Does this sentence make any sense to you? You have no context with which to understand it. How else could you respond to it other than to throw up your hands and say "Syntax error!”?

Here’s a quick and simple exercise you can try your hand at. It will show you how to talk to a computer using JavaScript. This is ridiculously easy — but it’s only the first example. There will be many more.

Exercise: Hello World

Here’s another exercise that gives you a chance to deliberately screw up and see what happens:

Exercise: Syntax Errors


Communication Responsibility
Whose fault is it when communications fail? Who has the responsibility for insuring that the communication gets through clearly: the speaker or the audience? We Americans, steeped in egalitarianism and a spirit of cooperation, tend to answer that both sides share responsibility for clear communications. I disagree, and I think that your experiences with computers will lend weight to my position. I think that the responsibility for clear communications falls squarely on the shoulders of the speaker.

In theory, the audience of a communication is supposed to give feedback to the speaker on how clearly the message is getting through. Thus, if you and I are conversing, and something I say doesn’t make sense to you, you are supposed to say, “Run that by me one more time, please.” This scheme insures that our conversation will move smoothly and efficiently.

In the real world, however, this seldom happens. Sometimes the audience doesn’t want to appear stupid by asking a dumb question. Sometimes the listener believes that his confusion is temporary and will quickly abate. Sometimes the listener is so completely lost that he doesn’t even know where to begin. Whatever the cause, he just nods his head knowingly and mutters, “OK”.

How then can we communicate well if our audience can’t be trusted to speak up when it is confused? There is only one sure-fire solution, and that is to assume very little of the audience. You must be pessimistic, assuming that everything you say is lost on the audience. You must drive home every single point with ruthless drive and determination. You must be a defensive driver, imagining what is going on in the mind of the audience, trying to guess where they might be tripped up next. This is the only way to communicate with confidence.

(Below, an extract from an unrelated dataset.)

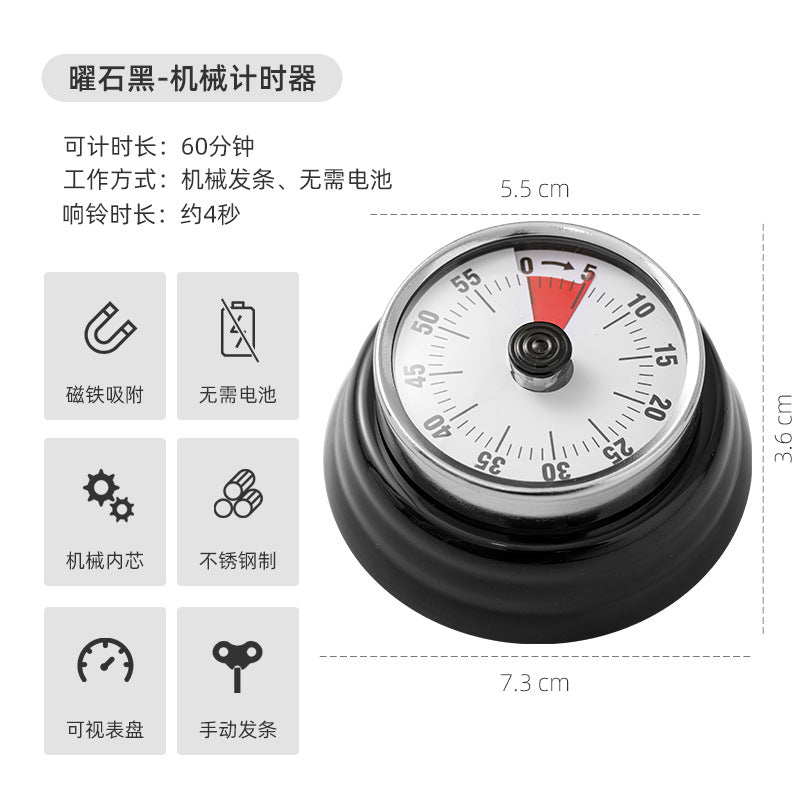 Mechanical Kitchen Timer with Magnetic Attraction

It is a hard lesson to learn, but the computer provides an excellent training ground. It assumes nothing, knows nothing. It has no context with which it can second-guess what you really meant to say. It can respond to your commands only in their absolute, literal sense. It will indeed drive you crazy. But it will also discipline you to think hard about exactly what you say. It is a sobering experience to have so many of your commands rejected as syntax errors — you never knew you were so sloppy a communicator. But once you learn to express yourself clearly and carefully, you will find that the number of syntax errors you generate will fall.

The lesson you learn in the process will benefit you in many areas other than computers. Precise communications are important in almost everything we do. How many arguments have you endured that were started by a misunderstanding? How many foul-ups have you gotten into because somebody didn’t express themselves exactly? I well remember the time my father drove 30 miles to pick me up “at the Doggie Diner on Main Street”. Neither of us knew that there were two Doggie Diners on Main Street. He went to one, I went to the other. If I had been more specific, the screwup would never have developed.

The most powerful demonstration of the crucial importance of precise communications is provided by an airline accident some years ago. As I recall, the tower had instructed the pilot, "Come down 3000". This was an ambiguous instruction; was the pilot instructed to come down to 3000 feet, or was he ordered to come down by 3000 feet? The pilot assumed the former, but the tower meant the latter. The pilot came down to 3000 feet; there was a mountain at 3200 feet; there were no survivors. Precise communications can be a matter of life and death.